Notre travail ne s'arrête pas là. Il y a toute une partie de plaidoyers pour maintenir la pression sur les gouvernements. Nous allons continuer de surveiller à distance les négociations entre le Royaume-Uni et Maurice pour nous assurer que le peuple chagossien soit bien consulté. Et travailler sur d'autres opportunités par le biais des Nations unies, de l'Union africaine, de la Cour pénale internationale. Ce plaidoyer va continuer jusqu'au moment - que nous espérons pas trop lointain - où le peuple chagossien sera de retour dans les îles, Diego Garcia incluse.
Crime contre l'humanité.

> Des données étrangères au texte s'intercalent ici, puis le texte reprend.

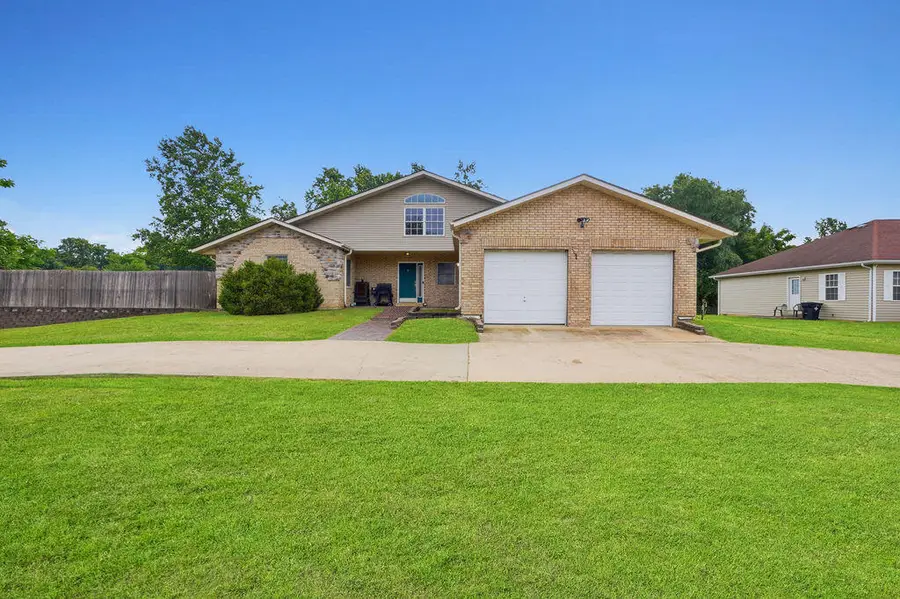 1184 N Howell Avenue, West Plains, MO 65775 - #2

Que recommande HRW?
"C'est là que le cauchemar a commencé." Titre du rapport de HRW, lancé hier, concernant le "déplacement forcé des Chagossiens par le Royaume-Uni et les États-Unis et persistance des crimes coloniaux". Ce rapport conclut que "le déplacement forcé des Chagossiens et les violations qui persistent à leur encontre aujourd'hui constituent des crimes contre l'humanité commis par une puissance coloniale contre un peuple autochtone (... ) Cette domination coloniale a été bâtie sur un racisme systématique ainsi que sur la discrimination des Chagossiens pour des motifs ethniques et raciaux". Après un constat détaillé de toute la question chagossienne depuis les années 1960, HRW émet une série de recommandations aux gouvernements mauricien, britannique, américain et indien.

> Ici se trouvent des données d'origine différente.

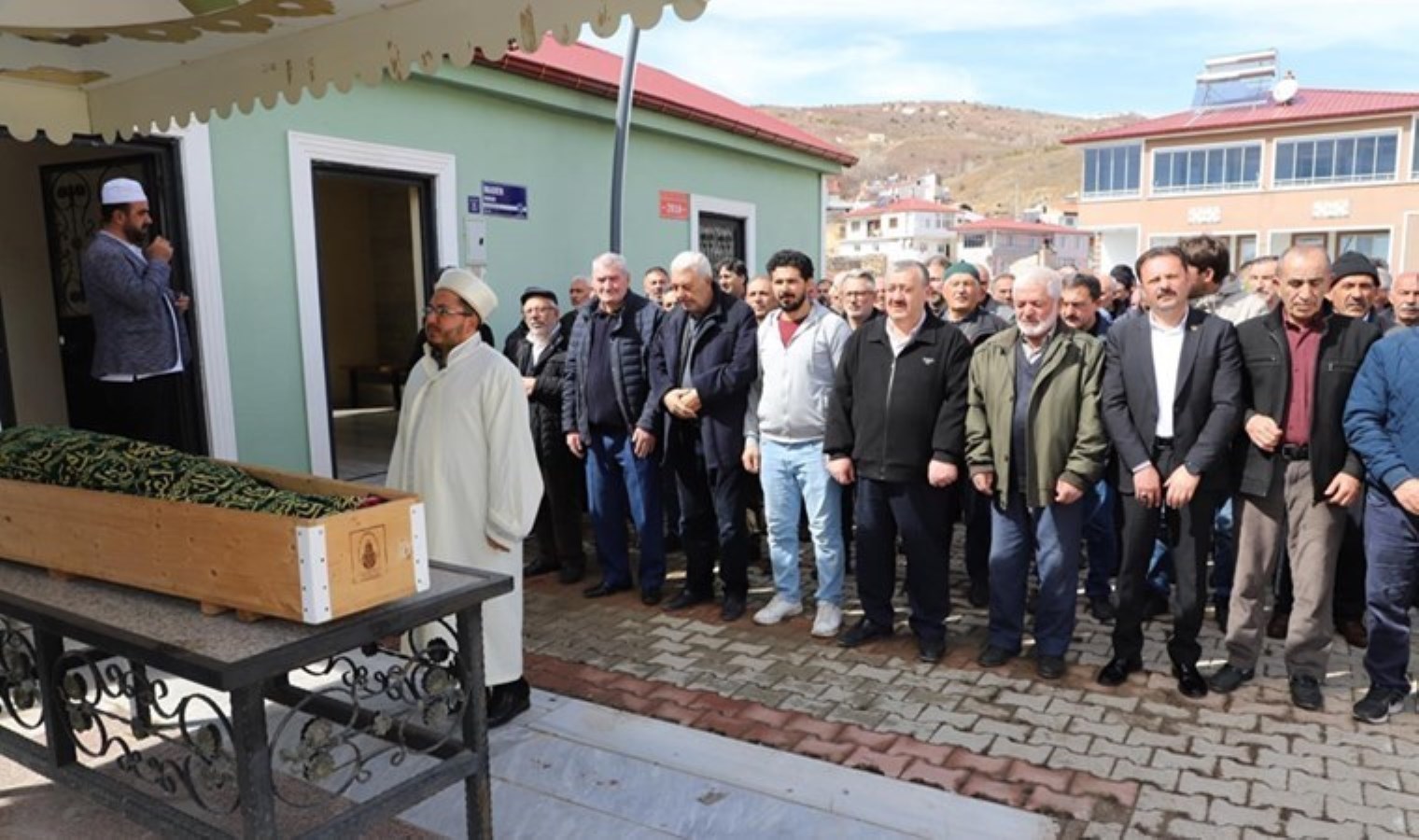 Annesinin tabutu başında kalp krizi geçirdi, hayatını kaybetti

Recommandations pour Maurice
HRW demande que l'État répète publiquement son soutien au droit de retour des Chagossiens, peu importe leur nationalité ; lqu'il exprime publiquement son soutien à des mesures de réparations des préjudices subis par les Chagossiens, de la part des gouvernements du Royaume-Uni et des États-Unis ; et qu'il demande publiquement que les individus responsables de crimes contre l'humanité commis contre le peuple chagossien soient tenus de rendre des comptes.

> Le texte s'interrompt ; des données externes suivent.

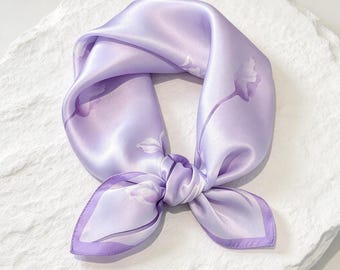 Bufanda cuadrada de satén con estampado floral en acuarela de lavanda, bufanda suave morada para el cuello, bufanda minimalista con flores para el cabello, bufanda para bolso.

Recommandations aux Britanniques
Parmi les recommandations:
Des excuses "complètes et sans réserves" du roi Charles III au peuple chagossien pour les crimes et abus commis par le Royaume-Uni, avec la garantie d'une "pleine réparation" des préjudices subis et que de telles "exactions" ne se reproduiront pas ; et fournir une compensation à tous les Chagossiens "où qu'ils se trouvent dans le monde, pour les préjudices subis depuis 1965".
Recommandations aux Américains
Parmi les recommandations:
En plus des excuses et des réparations, qu'ils "lèvent immédiatement toutes les restrictions légales qui subsistent et encouragent publiquement les Chagossiens à travailler à la base militaire de Diego Garcia et leur permettre de faire venir leur famille pour y vivre".